DATASET SECTION section start

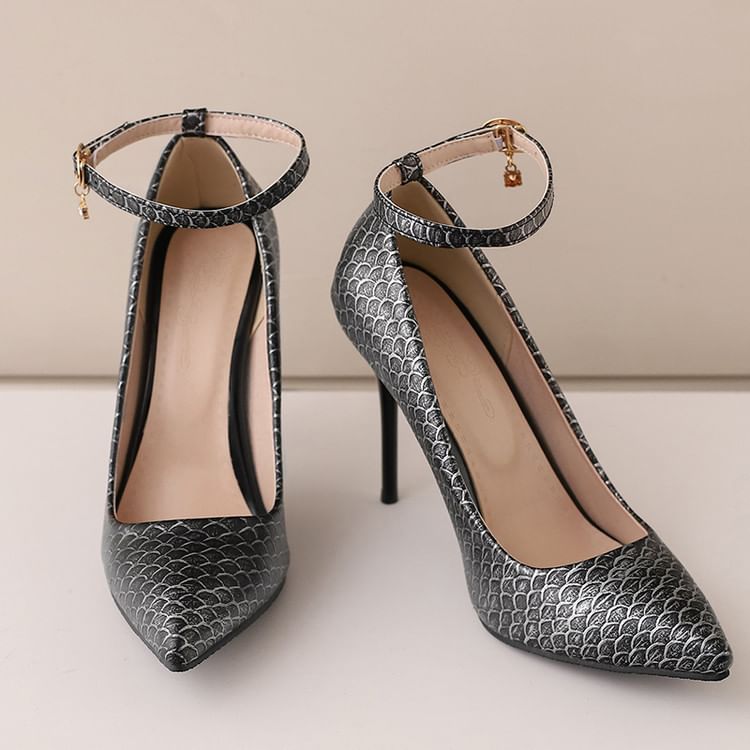 Fish Scale Patterned Stiletto Heel Ankle Strap Pumps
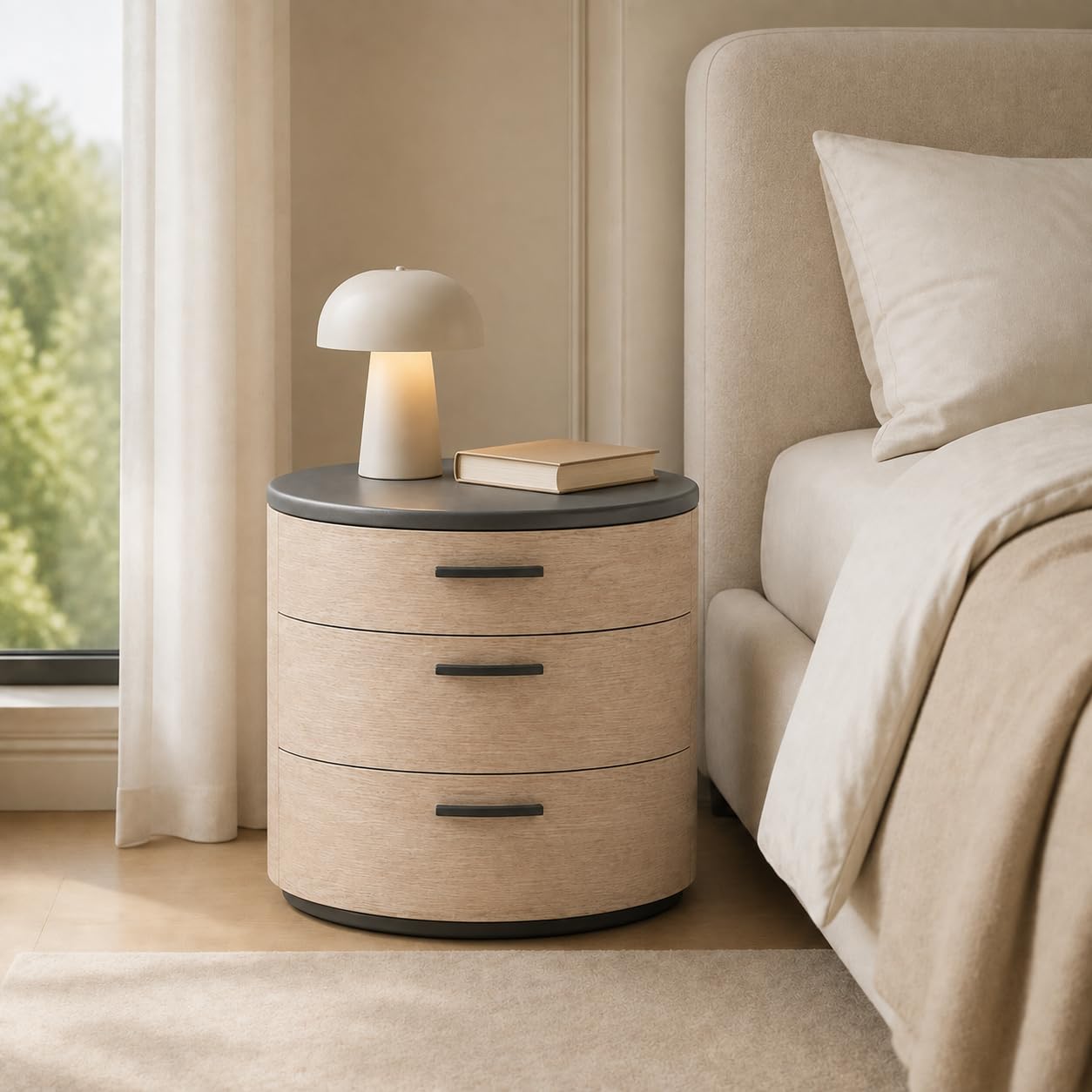 round bedside table with 3 drawers for bedroom | ardas interior round bedside table with 3 drawers for bedroom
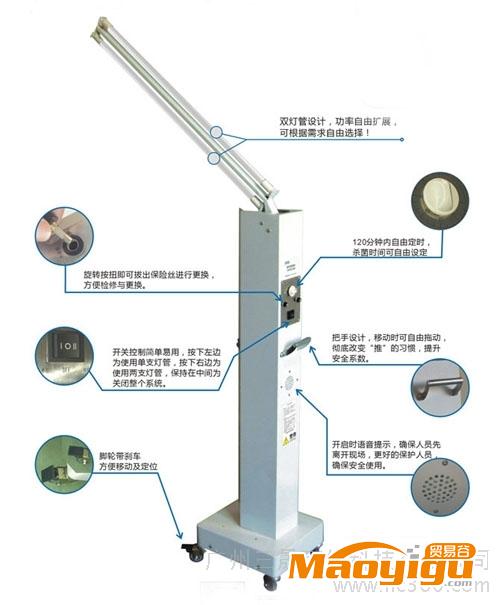 供應(yīng)三晟XC-2B移動式紫外線殺菌燈、紫外線消毒車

DATASET SECTION section end

**ACTION ITEM**
The whole listing above must be set down again exactly, but without its images.

**WORKED SOLUTION**
 Fish Scale Patterned Stiletto Heel Ankle Strap Pumps
 round bedside table with 3 drawers for bedroom | ardas interior round bedside table with 3 drawers for bedroom
 供應(yīng)三晟XC-2B移動式紫外線殺菌燈、紫外線消毒車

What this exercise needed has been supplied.